New immigrants of color, unlike their European predecessors, should recognize that in passively accepting anti-Black racism in exchange for integration into U.S. culture and economy, they might issue a warrant for the future seizure of their own tenuous rights.

Mexicans, Salvadorans and Dominicans are not Irish, Italian and German. Racism, in its subtle sweep, touches every community of color. While it is true that Black people often end up at the bottom, other people of color, despite the comfort of an idealized immigrant narration, are nowhere near the top.

Many African Americans simply cannot identify with the immigrant narrative being promoted by the new movement. They didn't come here to better themselves and succeed through hard work. Their ancestors were dragged here in chains against their will and the fruit of their hard labor has been appropriated by generations of whites.
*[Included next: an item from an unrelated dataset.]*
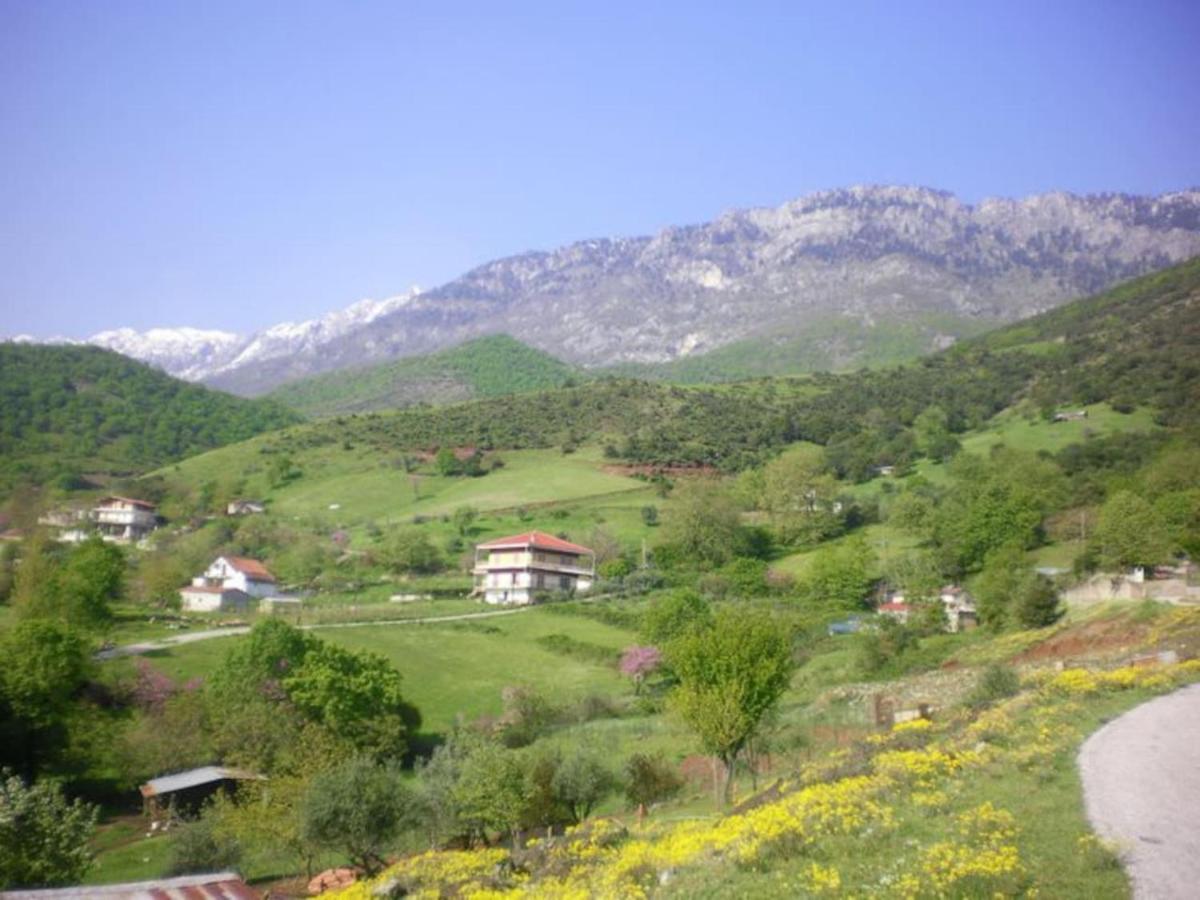 Country Home Genesi 20 Min From Trikala Exteriör bild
Banks reminds his readers that despite still being burdened by the U.S. racial hierarchy, majorities of African Americans have historically supported the justice struggles of other groups. The Rev. Jesse Jackson writes to encourage such support. He stresses historical kinship, urging solidarity among potential allies.

Immigrants of previous generations, including African Americans, should see the new undocumented workers as allies, not threats. They share with African Americans a history of repression, of being subjected to back-breaking, soul-deadening work -- or to no work at all.

They also share a common heritage. Less than 10 percent of enslaved Africans ended up in the United States. The vast majority were shipped to Latin America and the West Indies. People of color are brothers and sisters under and of the skin, whether we are called undocumented "Latino" immigrants or "African Americans."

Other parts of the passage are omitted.